Холодная отчужденность объектов конструктивизма (вместе с мрачной атмосферой закрытого индустриального города) плодотворно вписывалась в бажовскую эстетику и эсхатологию, превращая Свердловск в город опасный, город, мерцающий мирами.

Половинчатый радикализм: художники 1960-х

К 1960-м репутация «опорного края державы» уже была сформирована: танки продолжали производиться для войн и экспорта, разрастались новые индустриальные стройки, Свердловск посещали суперзвезды революционного движения вроде Фиделя Кастро или Ким Ир Сена. Город был идеальным воплощением социалистических мечтаний  построенный вдали, буквально из ничего, на пересечении каторжных дорог, чистым и мучительным трудом рабочих-энтузиастов.

Художественная жизнь пыталась этому соответствовать: в городе регулярно проводились крупные зональные выставки «Урал социалистический», где выставлялись полотна о жизни трудящихся, суровые пейзажи, намекающие на скорое бодрое заселение, портреты вождей и т. д.

Но хрущевская оттепель в начале 1960-х задела и индустриальный Свердловск. При ДК железнодорожников появилась прогрессивная изостудия Н. Г. Чеснокова, где преподавали продвинутые художники вроде Геннадия Мосина, Миши Брусиловского, Виталия Воловича и других, которые хорошо знали европейский модернизм и совмещали его с соцреалистической монументальностью.

Студенты старались не отставать, часть из них и вовсе игнорировала всяческую «идейность». Сам Чесноков о свободе взглядов в изостудии говорил так:

«…так как я не неволил учеников, то наряду с поклонниками соцреализма, свободно экспериментировали убежденные любители авангарда»*.

Особенно эта свобода проявилась в выставке 1964 года, где вместе выставлялись мэтры и молодые художники. Там, например, было выставлено около 30 работ начинающей художницы Анны Таршис, которые подверглись агрессивной критике (одна из работ была еще и ню); старшие художники Мосин и Брусиловский защищали молодую коллегу.
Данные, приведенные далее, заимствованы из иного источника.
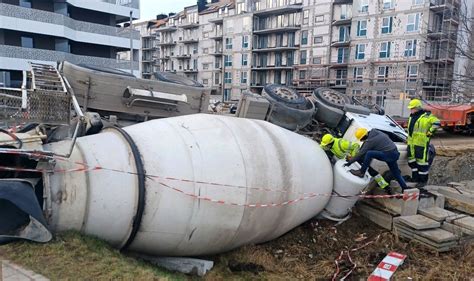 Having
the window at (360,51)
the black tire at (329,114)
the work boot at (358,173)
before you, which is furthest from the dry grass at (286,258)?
the window at (360,51)

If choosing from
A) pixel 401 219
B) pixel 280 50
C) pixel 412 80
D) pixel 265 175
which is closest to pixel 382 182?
pixel 401 219

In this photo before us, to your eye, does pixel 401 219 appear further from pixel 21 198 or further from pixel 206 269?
pixel 21 198

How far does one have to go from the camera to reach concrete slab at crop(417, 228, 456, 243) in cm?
608

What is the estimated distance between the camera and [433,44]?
135 feet

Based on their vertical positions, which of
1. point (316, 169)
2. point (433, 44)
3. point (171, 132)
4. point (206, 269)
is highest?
point (433, 44)

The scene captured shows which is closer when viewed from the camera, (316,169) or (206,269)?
(206,269)

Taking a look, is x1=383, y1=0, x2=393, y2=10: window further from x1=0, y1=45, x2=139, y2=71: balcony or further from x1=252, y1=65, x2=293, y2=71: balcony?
x1=0, y1=45, x2=139, y2=71: balcony

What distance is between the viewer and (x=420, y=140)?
7344mm

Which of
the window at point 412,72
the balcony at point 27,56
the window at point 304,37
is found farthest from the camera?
the window at point 304,37

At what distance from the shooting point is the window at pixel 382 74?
43.0 metres

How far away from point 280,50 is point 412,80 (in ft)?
64.1

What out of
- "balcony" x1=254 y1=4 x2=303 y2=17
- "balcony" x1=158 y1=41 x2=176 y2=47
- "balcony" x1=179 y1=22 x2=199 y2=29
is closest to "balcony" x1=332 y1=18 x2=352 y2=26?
"balcony" x1=254 y1=4 x2=303 y2=17

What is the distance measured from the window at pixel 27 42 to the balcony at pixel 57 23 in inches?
62.3

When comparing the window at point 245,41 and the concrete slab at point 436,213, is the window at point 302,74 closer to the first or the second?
the window at point 245,41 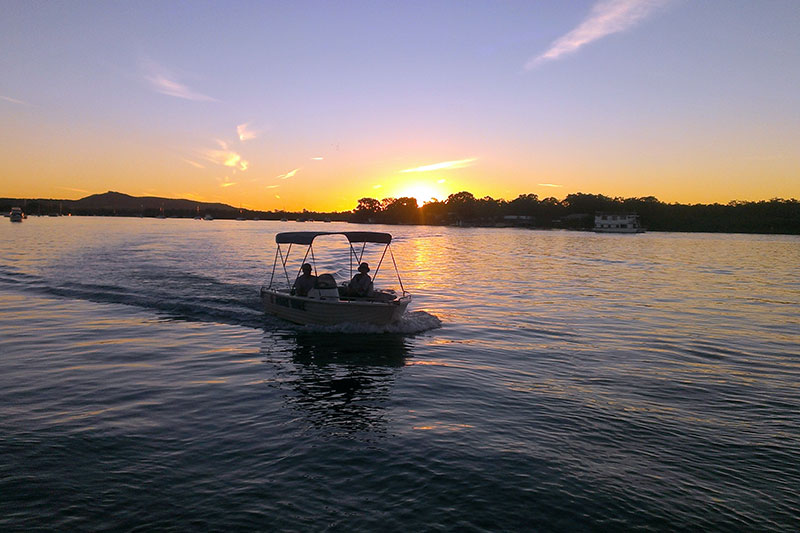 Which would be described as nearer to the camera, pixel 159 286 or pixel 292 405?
pixel 292 405

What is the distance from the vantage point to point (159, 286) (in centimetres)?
3091

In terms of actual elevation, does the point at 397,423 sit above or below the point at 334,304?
below

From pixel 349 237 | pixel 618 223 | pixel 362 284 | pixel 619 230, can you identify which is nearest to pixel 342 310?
pixel 362 284

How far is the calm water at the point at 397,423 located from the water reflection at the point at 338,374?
9cm

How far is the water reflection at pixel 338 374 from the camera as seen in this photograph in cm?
1116

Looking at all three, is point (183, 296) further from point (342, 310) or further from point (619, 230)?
point (619, 230)

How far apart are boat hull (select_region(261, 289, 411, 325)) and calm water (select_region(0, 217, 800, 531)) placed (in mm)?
545

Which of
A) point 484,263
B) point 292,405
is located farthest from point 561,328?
point 484,263

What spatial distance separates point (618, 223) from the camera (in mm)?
164125

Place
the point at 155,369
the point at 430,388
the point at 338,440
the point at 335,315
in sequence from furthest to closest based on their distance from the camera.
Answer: the point at 335,315
the point at 155,369
the point at 430,388
the point at 338,440

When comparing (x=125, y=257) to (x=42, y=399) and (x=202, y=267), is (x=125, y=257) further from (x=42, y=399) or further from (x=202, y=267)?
(x=42, y=399)

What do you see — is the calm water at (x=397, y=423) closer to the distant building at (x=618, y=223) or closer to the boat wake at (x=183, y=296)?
the boat wake at (x=183, y=296)

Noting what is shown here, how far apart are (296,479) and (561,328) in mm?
15944

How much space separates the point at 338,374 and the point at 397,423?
165 inches
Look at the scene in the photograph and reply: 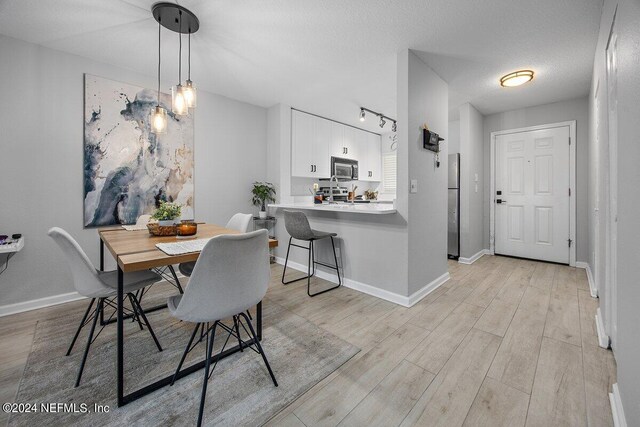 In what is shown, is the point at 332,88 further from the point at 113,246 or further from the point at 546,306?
the point at 546,306

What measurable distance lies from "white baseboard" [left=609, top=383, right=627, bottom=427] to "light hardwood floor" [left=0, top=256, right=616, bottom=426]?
3 centimetres

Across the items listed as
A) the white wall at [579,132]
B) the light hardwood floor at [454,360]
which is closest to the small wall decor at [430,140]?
the light hardwood floor at [454,360]

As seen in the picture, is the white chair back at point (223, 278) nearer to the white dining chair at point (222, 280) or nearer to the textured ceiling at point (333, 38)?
the white dining chair at point (222, 280)

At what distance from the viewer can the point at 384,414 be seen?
133cm

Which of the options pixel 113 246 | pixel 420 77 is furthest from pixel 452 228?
pixel 113 246

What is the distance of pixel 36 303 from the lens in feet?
8.29

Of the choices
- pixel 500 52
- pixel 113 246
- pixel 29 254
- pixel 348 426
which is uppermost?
pixel 500 52

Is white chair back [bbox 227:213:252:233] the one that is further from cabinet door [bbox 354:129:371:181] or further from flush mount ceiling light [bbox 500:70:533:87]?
cabinet door [bbox 354:129:371:181]

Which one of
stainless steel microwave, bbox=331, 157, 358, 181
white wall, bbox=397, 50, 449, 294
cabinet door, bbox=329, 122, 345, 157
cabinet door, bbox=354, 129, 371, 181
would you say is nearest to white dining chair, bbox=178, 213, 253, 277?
white wall, bbox=397, 50, 449, 294

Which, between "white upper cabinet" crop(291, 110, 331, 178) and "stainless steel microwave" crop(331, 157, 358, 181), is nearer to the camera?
"stainless steel microwave" crop(331, 157, 358, 181)

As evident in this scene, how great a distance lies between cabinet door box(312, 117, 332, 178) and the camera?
4.66m

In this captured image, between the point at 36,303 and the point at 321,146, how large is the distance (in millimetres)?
4028

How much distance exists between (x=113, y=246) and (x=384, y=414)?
1742 millimetres

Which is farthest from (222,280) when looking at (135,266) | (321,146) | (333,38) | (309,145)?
(321,146) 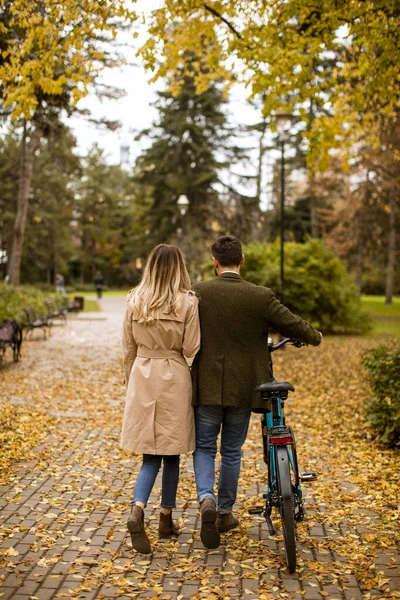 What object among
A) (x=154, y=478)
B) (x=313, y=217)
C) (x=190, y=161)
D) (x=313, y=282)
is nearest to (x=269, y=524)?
(x=154, y=478)

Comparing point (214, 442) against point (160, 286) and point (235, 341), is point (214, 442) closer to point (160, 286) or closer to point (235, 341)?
point (235, 341)

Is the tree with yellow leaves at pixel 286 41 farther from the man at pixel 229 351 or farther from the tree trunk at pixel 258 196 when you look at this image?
the tree trunk at pixel 258 196

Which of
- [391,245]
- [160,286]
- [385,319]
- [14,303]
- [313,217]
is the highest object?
[313,217]

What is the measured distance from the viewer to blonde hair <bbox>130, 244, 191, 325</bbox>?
4395 millimetres

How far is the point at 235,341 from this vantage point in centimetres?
445

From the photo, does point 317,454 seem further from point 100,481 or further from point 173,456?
point 173,456

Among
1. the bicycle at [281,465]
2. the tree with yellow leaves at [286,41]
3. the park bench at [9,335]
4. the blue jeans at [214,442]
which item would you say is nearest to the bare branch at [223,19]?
the tree with yellow leaves at [286,41]

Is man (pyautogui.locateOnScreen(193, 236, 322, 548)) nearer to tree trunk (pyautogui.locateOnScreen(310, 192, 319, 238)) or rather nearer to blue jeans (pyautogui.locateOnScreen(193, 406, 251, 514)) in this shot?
blue jeans (pyautogui.locateOnScreen(193, 406, 251, 514))

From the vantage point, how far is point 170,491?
4.65 m

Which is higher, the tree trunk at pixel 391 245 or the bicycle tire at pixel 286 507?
the tree trunk at pixel 391 245

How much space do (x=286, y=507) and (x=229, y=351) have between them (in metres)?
0.99

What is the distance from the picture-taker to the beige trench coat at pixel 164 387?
4.41 meters

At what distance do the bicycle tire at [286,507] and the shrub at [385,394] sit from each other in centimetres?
293

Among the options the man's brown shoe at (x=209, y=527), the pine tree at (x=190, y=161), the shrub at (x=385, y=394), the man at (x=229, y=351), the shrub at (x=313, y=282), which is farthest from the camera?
the pine tree at (x=190, y=161) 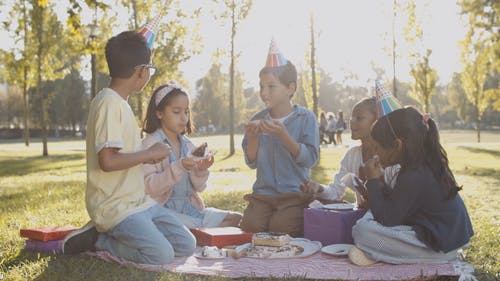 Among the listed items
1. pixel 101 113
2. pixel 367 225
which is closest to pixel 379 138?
pixel 367 225

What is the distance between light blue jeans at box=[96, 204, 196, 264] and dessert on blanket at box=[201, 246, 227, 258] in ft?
0.37

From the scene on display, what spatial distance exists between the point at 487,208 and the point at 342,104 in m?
74.7

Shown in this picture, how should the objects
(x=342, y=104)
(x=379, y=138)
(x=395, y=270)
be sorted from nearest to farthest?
(x=395, y=270) < (x=379, y=138) < (x=342, y=104)

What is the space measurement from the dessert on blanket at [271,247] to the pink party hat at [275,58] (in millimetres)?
1731

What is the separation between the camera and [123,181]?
3980 millimetres

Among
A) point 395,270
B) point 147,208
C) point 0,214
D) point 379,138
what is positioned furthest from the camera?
point 0,214

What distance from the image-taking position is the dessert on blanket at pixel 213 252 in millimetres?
4013

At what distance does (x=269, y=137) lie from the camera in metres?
5.29

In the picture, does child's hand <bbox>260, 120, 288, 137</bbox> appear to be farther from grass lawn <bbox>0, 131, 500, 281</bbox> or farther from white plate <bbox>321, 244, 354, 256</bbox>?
grass lawn <bbox>0, 131, 500, 281</bbox>

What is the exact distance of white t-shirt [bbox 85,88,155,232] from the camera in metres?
3.86

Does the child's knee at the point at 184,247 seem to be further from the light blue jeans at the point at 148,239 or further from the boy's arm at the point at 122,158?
the boy's arm at the point at 122,158

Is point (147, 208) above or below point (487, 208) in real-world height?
above

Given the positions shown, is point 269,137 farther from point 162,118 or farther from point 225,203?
point 225,203

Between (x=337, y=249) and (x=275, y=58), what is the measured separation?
1.92 m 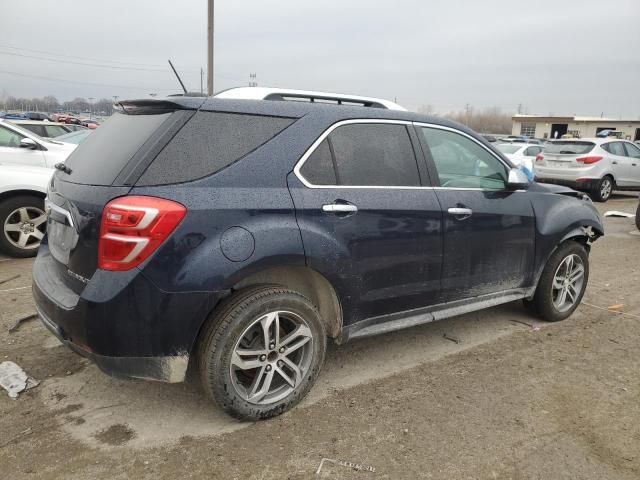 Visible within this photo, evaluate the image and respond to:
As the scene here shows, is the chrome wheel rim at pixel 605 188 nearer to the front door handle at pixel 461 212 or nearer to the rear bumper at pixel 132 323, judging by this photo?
the front door handle at pixel 461 212

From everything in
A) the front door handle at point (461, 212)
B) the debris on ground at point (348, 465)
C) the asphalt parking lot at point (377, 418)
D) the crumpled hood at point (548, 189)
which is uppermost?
the crumpled hood at point (548, 189)

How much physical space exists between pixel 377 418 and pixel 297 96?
202 centimetres

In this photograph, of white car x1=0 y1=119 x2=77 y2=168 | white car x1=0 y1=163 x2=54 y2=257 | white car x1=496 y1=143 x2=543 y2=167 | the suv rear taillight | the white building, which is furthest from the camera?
the white building

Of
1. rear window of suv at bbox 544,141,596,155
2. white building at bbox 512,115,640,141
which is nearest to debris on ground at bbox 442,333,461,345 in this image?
rear window of suv at bbox 544,141,596,155

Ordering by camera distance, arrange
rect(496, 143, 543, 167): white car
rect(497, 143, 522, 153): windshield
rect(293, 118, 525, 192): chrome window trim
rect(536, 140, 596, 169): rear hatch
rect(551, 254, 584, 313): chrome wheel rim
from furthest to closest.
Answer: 1. rect(497, 143, 522, 153): windshield
2. rect(496, 143, 543, 167): white car
3. rect(536, 140, 596, 169): rear hatch
4. rect(551, 254, 584, 313): chrome wheel rim
5. rect(293, 118, 525, 192): chrome window trim

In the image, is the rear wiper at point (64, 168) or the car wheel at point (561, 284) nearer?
the rear wiper at point (64, 168)

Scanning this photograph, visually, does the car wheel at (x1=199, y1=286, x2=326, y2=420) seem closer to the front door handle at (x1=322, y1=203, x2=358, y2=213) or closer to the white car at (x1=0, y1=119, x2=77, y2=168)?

«60-е — это первая Оттепель, и ее приход в Свердловск был отмечен кипением общественных страстей вокруг картин Мосина и Брусиловского („1918 год“ и „Политзаключенные“). Город разделился на два лагеря, молодежь ставила к картинам цветы, люди передавали друг другу чуть ли не каждую реплику, прозвучавшую на заседании выставкома. Из Москвы срочно приехали „специалисты“ по обработке, Мосину пришлось, кажется, даже вернуть аванс за признанную „политической ошибкой“ картину и так далее и тому подобное… <…> …на скандальной выставке самой левой в городе изостудии под руководством Н. Г. Чеснокова, где было выставлено 30 моих работ и даже одна „ню“ (вершина свободомыслия тех провинциальных времен), и Мосин и Брусиловский бросились в бой около моих картин, защищая их от совершенно озверевшей публики. Книга отзывов распухла от восторгов и оскорблений, от „Ура, Таршис, считай нас своими друзьями!“ до советов „взяться за метлу“.

Экспрессионистские, но фигуративные все-таки работы мои маслом на больших листах ватмана и на бортовке от старого пальто без применения белил (их не было в магазинах Свердловска) в конце концов были благополучно украдены кем-то (не все — две работы), и выставка изостудии, повысив температуру общества еще на несколько градусов и оставив благожелательную прессу, окончилась»*.

Анна Таршис, «Обнаженная модель», 1965 год. Собрание Вадима Егорова

Работы художников старшего поколения, больше условные, чем реалистические, тоже были вызывающими, пусть и не настолько радикально.

Миша Брусиловский, начинавший с масштабных полотен, посвященных революции и социалистическим стройкам, обращался к религиозным сюжетам, использовал в работах элементы кубизма (с удовольствием разлагая тела и формы), аналитического стиля Павла Филонова с его патологически тщательной прорисовкой тел, искривленностью поз и т. д.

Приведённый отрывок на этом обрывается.